DIAM - UNTUK - MENDUKUNG - PEMERINTAH, TANYA-KENAPA?


“DIAM” UNTUK MENDUKUNG PEMERINTAH, TANYA KENAPA?

Agus Fadilla Sandi

“…Sesungguhnya Allah tidak merubah keadaan suatu kaum sehingga mereka merubah keadaan yang ada pada diri mereka sendiri…” (Q.S. ar-Ra’d [13]: 11)

Prolog

Ayat di awal tadi mungkin tidak asing lagi dalam khazanah pengetahuan dan obrolan motivasi perubahan. Kutipan singkat dari surat ar-Ra’d ayat 11 ini ternyata memiliki daya magic tersendiri, sehingga dengan kesederhanaanya ia mampu ‘menyihir’ suatu kaum untuk melakukan perubahan. Pertanyaannya kemudian, dengan apa kaum tersebut mampu melakukan perubahan?

Untuk menjawab pertanyaan tersebut, maka penulis akan menukilkan sekelumit pernyataan dari seorang tokoh berkebangsaan Haddington, Samuel Smiles. Tokoh yang terkenal dengan karyanya “the New Thought author Orison Swett Marden” ini menyatakan, “Segala sesuatu itu hendaknya diawali dengan gagasan atau pikiran. Tanamlah gagasan, petiklah tindakan. Tanamlah tindakan, petiklah kebiasaan. Tanamlah kebiasaan, petiklah watak. Tanamlah watak, petiklah nasib.” Demikianlah pernyataan Samuel Smiles tentang kunci sebuah perubahan yang diawali dengan gagasan dan tindakan. Bukan dengan ‘diam.’

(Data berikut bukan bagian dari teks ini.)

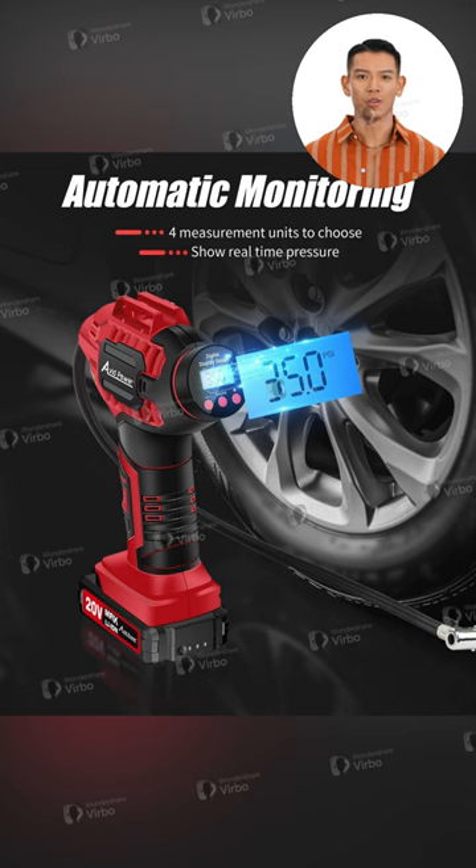Using a powerful dual power supply means you're never left stranded, whether you're using the 20V rechargeable battery or plugged into your car with the 12V adapter — update your on-the-road reliability.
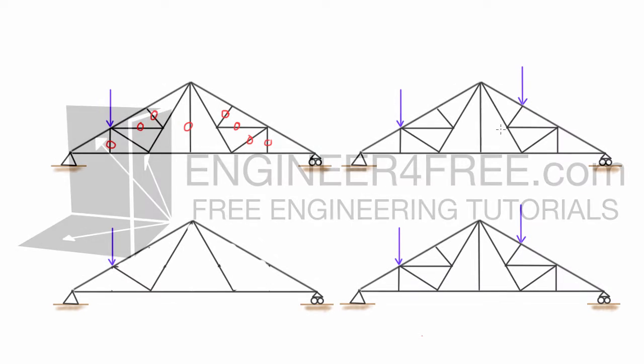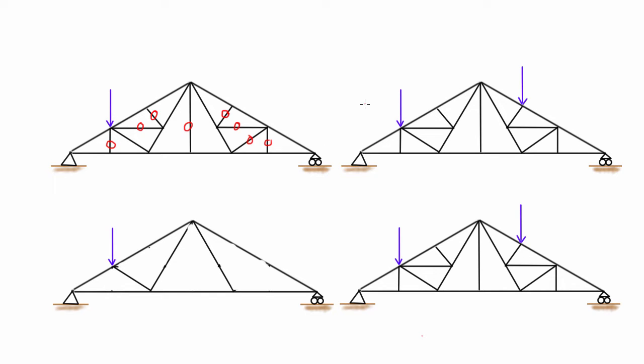Welcome back. In this video, just one last example on finding zero force members in trusses. This is a continuation of the last video — we did the example on the left hand side previously. In the last video we had this truss with a single point load and identified eight zero force members. Now we have exactly the same truss but subjected to that same point load plus one other point load on a different joint, and we want to see what the zero force members are under this new loading scenario. Zero force members really depend on the loading, so if the loading changes, the members with no force will likely change as well.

Dari pernyataan Samuel Smiles di atas mungkin kita mulai dapat belajar akan langkah apa yang paling baik dalam menyikapi keadaan bangsa kita saat ini (Indonesia, red). Dalam konteks yang lebih konkrit, jika kaum yang dimaksud dalam surat ar-Ra’d ayat 11 itu ialah bangsa Indonesia, maka apa yang harus kita lakukan guna mewujudkan suatu perubahan yang baik bagi negara ini?

Sekelumit Sejarah

Dahulu bangsa ini dijajah bertahun-tahun lamanya. Kekayaan alam dikuras dan warga pribumi ditindas lagi diperas. Jerit tangis dan gelinangan air mata menjadi saksi atas kenangan pahit yang ditorehkan dalam sejarah bangsa ini. Sampai pada akhirnya Indonesia berada di hari yang paling bersejarah. Di saat rakyat memiliki tekad, di waktu bola salju perjuangan kian menggelinding dengan besarnya, dan di saat itu lah kita mulai merasakan apa yang disebut dengan ‘MERDEKA’, tertanggal 17 Agustus 1945. Dan sekali lagi bukan karena diam kemerdekaan itu telah diraih.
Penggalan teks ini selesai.